On Wednesday, Aug. 16, thousands of illegal immigrants who arrived in the United States before the age of 16 and are less than 31 years of age packed government centers to apply for documentation that would allow them to legally remain and work in the United States for at least two years under a new federal initiative.
The Dream Act - which would have, under certain conditions, granted amnesty to illegal immigrants - was defeated in Congress twice. But this new policy, accomplished by bureaucratic fiat, is a lighter version of the Dream Act called the Deferred Action for Childhood Arrivals.

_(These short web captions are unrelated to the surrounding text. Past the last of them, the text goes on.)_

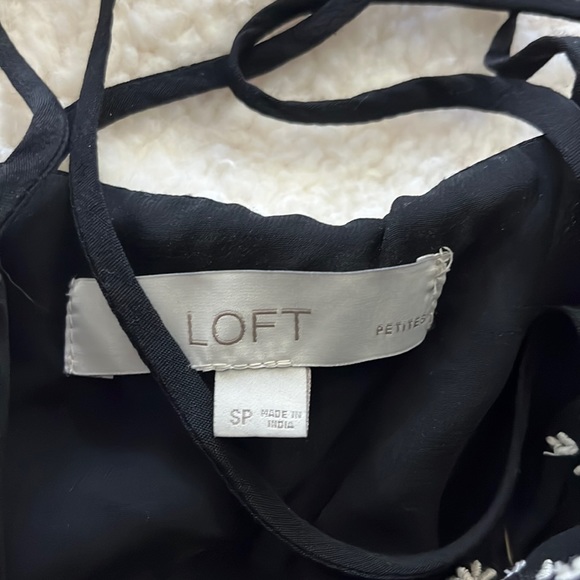 designsbyddt's tweet photo. So good I had to share! Check out all the items I'm loving on @Poshmarkapp from @FebreJennifer #poshmark #fashion #style #shopmycloset #abercrombiefitch #loft: https://t.co/Ut96kel4pg https://t.co/WDVJYX3V7N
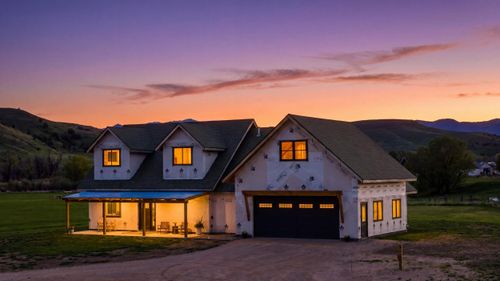 16 Oxbow Ranch Rd, Sheridan, WY, 82801-8690 | Card Image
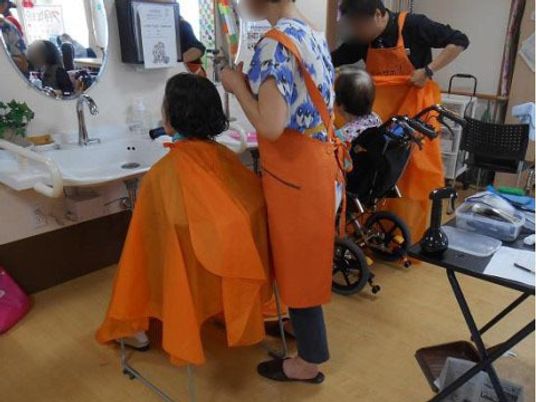 利用者ヘアカット理美容室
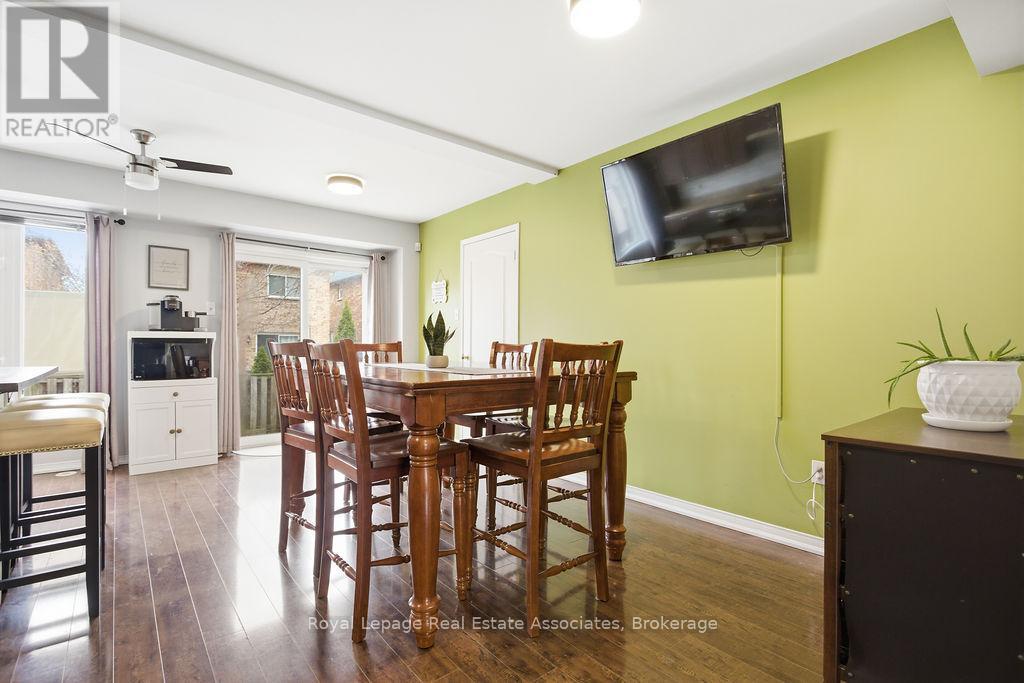 2260 Greening Lane, Burlington, Ontario  L7L 6Y8 - Photo 7 - W12930536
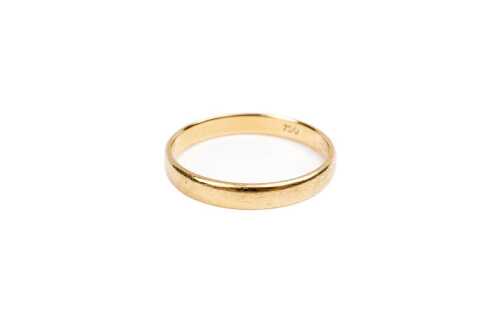 A wedding band in 18 carat yellow gold
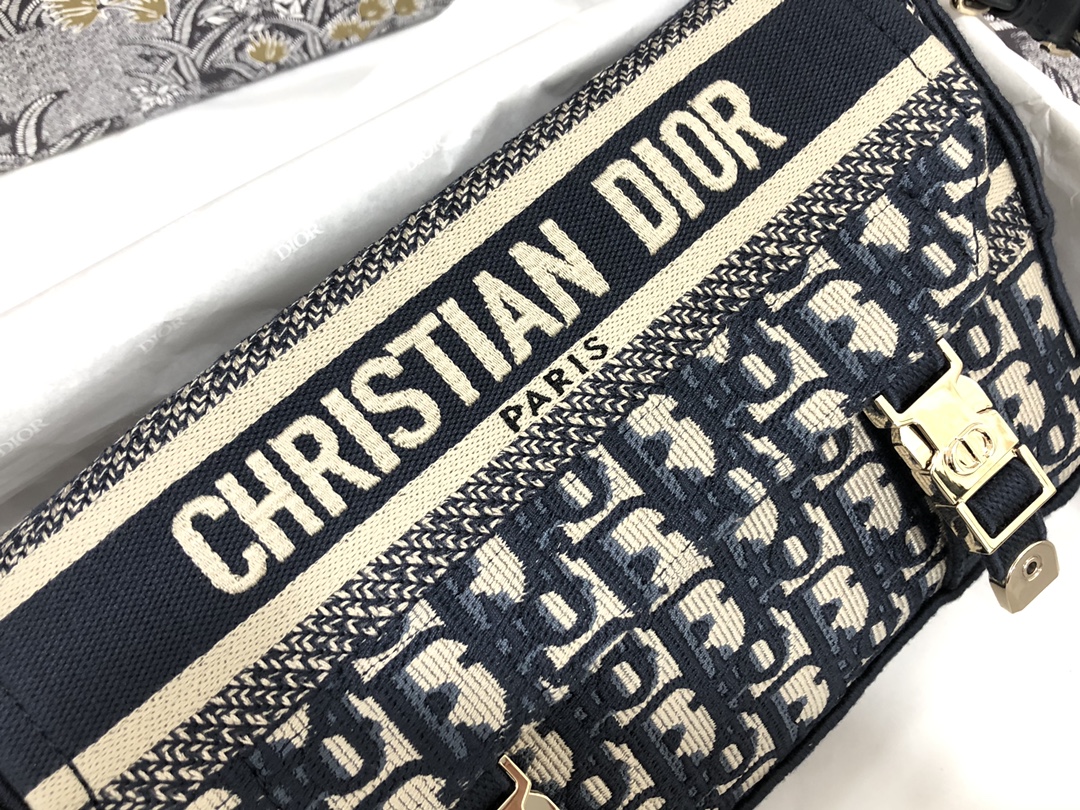 Handbag Dior M1241 size 23 x 15 x 8 cm - vstockx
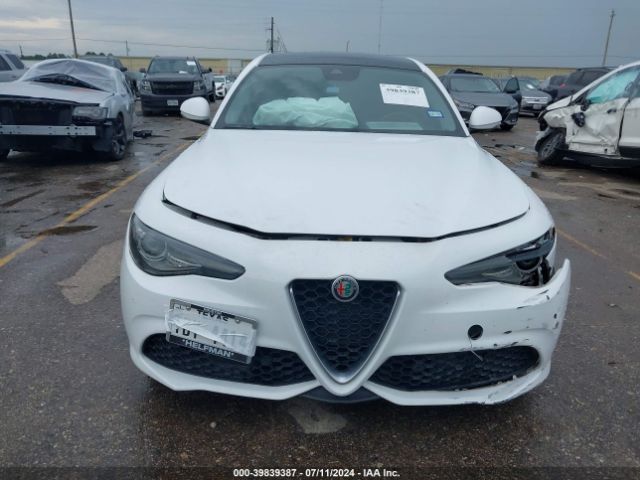ZARFAECN5J7581294 Alfa Romeo Giulia Ti Sport Rwd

Those who meet all requirements will temporarily be free of the fear of deportation, as this policy will allow them to remain in the United States for at least two years.

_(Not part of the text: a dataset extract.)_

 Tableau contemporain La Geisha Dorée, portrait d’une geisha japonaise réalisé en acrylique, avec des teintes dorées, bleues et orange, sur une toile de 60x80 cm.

They may apply for work permits, Social Security numbers and driver's licenses. It has been estimated that 1.7 million are eligible for the program.

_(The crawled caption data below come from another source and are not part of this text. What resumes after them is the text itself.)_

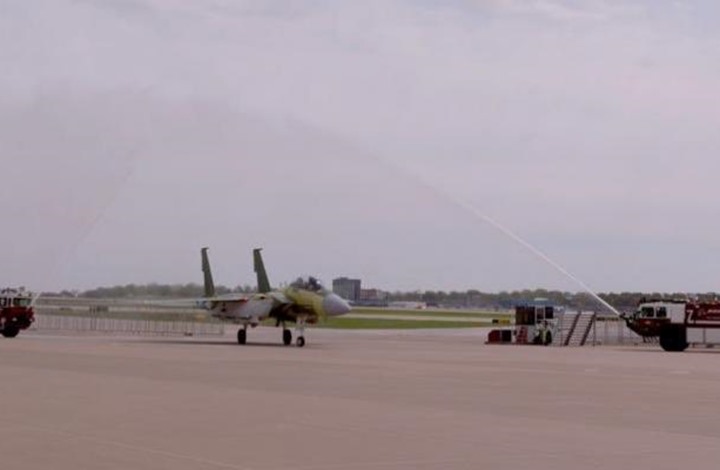 طائرات إف-15 القطرية تقوم بأول رحلاتها التجريبية (شاهد)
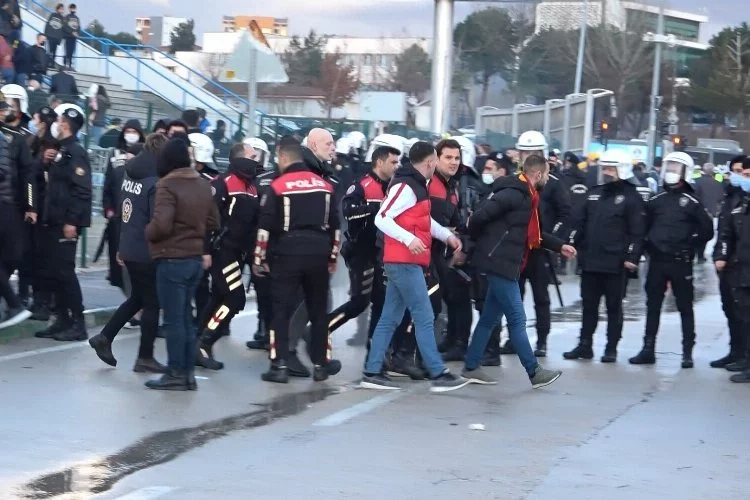 Bursa'daki olaylı maçta geniş güvenlik önlemi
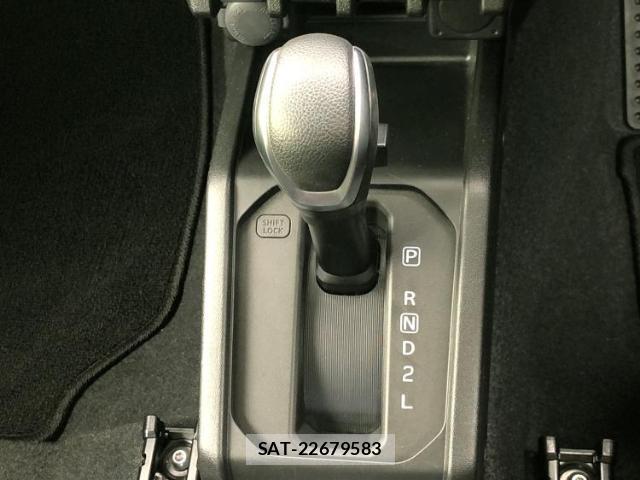 Suzuki JIMNY 2022-01 8856047-16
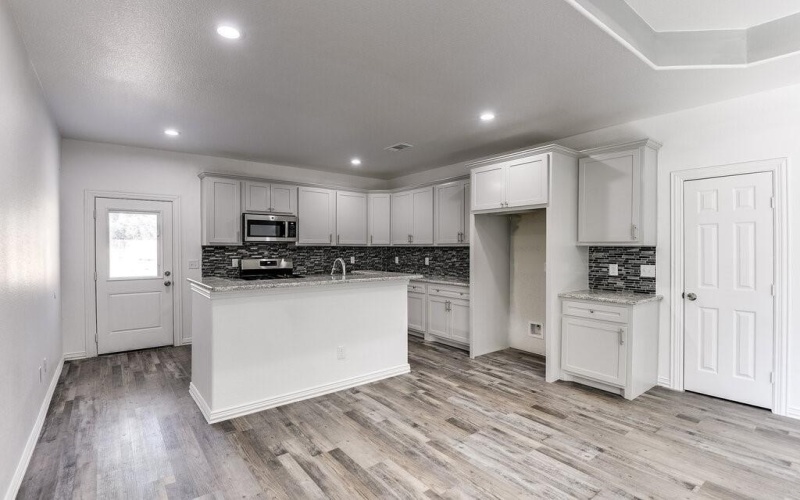 1830 Fernwood Avenue, Dallas, TX 75216, 4 Bedrooms Bedrooms, ,2 BathroomsBathrooms,Residential,For Sale,1830 Fernwood Avenue,0,21060241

This DACA policy has been promoted as a compassionate measure for children who, through no fault of their own, were brought into our country illegally. But it has produced both criticisms and concerns.
Two governors have already stated that they will not honor the new policy. And with many states facing fiscal problems, perhaps others will follow suit.
Gov. Jan Brewer has declared that Arizona won't confer driver's licenses and other state benefits to newly documented immigrants under DACA. Nebraska Gov. Dave Heineman said, "Obama's DACA does not make successful applicants 'legal citizens,' meaning that they remain ineligible for state benefits like drivers' licenses and other services.
At a time when thousands of citizens are unemployed, does it make sense to increase the number of those seeking employment by granting work permits to illegal immigrants ?
(The national average of unemployment has remained at 8 percent for four months. North Carolina's unemployment rate is now 9.6 percent, which ties North Carolina with South Carolina for the fifth-highest unemployment rate in the United States.)
Another area of concern is endangering the integrity of our election process.
If illegal immigrants are able to acquire Social Security numbers and driver's licenses, they will be in possession of legal IDs. That could very well facilitate illegal voter registration and illegal voting. It is interesting to note that the extension against deportation of these "childhood arrivals" is for at least two years - conveniently past the November election.
And, have we so soon forgotten that many of the terrorists who were perpetrators of 9/11, our day of gloom and tragedy, held valid driver's licenses ?
Too many times, laws are enacted and policies adopted that seemingly solve pressing problems but, in reality, have ripple effects that create bigger problems later on.
The probable and possible dangerous implications of DACA frighten me, and that brings to mind something Thomas Jefferson said, as quoted by a recent letter writer to The Pilot:
"When the people fear their government, there is tyranny. When the government fears the people, there is liberty."
Norma Cappelletti, a former Connecticut state representative, lives in Pinehurst.